BRICS als zerstrittener Club ohne Fundament
Südafrika taumelt am Rand des Staatsversagens. Brasilien schwankt zwischen Sozialpolitik und innenpolitischer Zerrissenheit. Indien und China sind Rivalen, keine Partner, ihr Grenzkonflikt ist ungelöst, das Misstrauen tief. Russland nutzt BRICS aus Mangel an Alternativen. Und China verfolgt in Wahrheit eine eigene Agenda: Dominanz durch Umarmung. Von Gleichrangigkeit ist nichts zu sehen. Von wirtschaftlicher Koordination keine Spur. Was BRICS präsentiert, ist Fassade. Keine Strategie, keine Institutionen, keine Haftungskette.
Geopolitische Showbühne statt Substanz
Manche nennen BRICS bereits das neue G7. Tatsächlich ist es eher eine politische Selbsthilfegruppe mit Ambitionen. Die Gipfel sind lang, die Erklärungen wohlklingend, aber was bleibt? Keine gemeinsame Außenpolitik, kein Konsens über Sicherheit, keine greifbaren Projekte. Nur Papiere, Plattformen, Ankündigungen. Und mittendrin ein Russland, das sich internationale Zustimmung zusammenkauft, weil im Westen fast jede Tür zu ist.
Lawrow weiß, wie dünn das Eis ist. Darum spricht er mittlerweile von "technischer Vorbereitung" statt Umbruch. Realismus statt Revolution. Das ist ehrlich und es entlarvt zugleich das Brics-Märchen, das viele gerne glauben wollen. Die Realität: wirtschaftliche Schwäche, politische Rivalitäten, gegenseitiges Misstrauen.

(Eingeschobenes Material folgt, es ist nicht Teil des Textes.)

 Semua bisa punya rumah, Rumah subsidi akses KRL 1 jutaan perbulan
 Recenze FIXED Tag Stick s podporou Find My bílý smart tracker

BRICS ist keine neue Ordnung. Es ist ein Wunschgebilde aus gescheiterten Machtfantasien. Wer glaubt, die Weltwirtschaft werde demnächst von Moskau, Johannesburg und Brasilia aus gelenkt, hat den Ernst der Lage nicht erkannt. Träumen dürfen sie, täuschen sollten sie niemanden mehr. Der Autor kauft sich jetzt für neun Dollar einen Cocktail.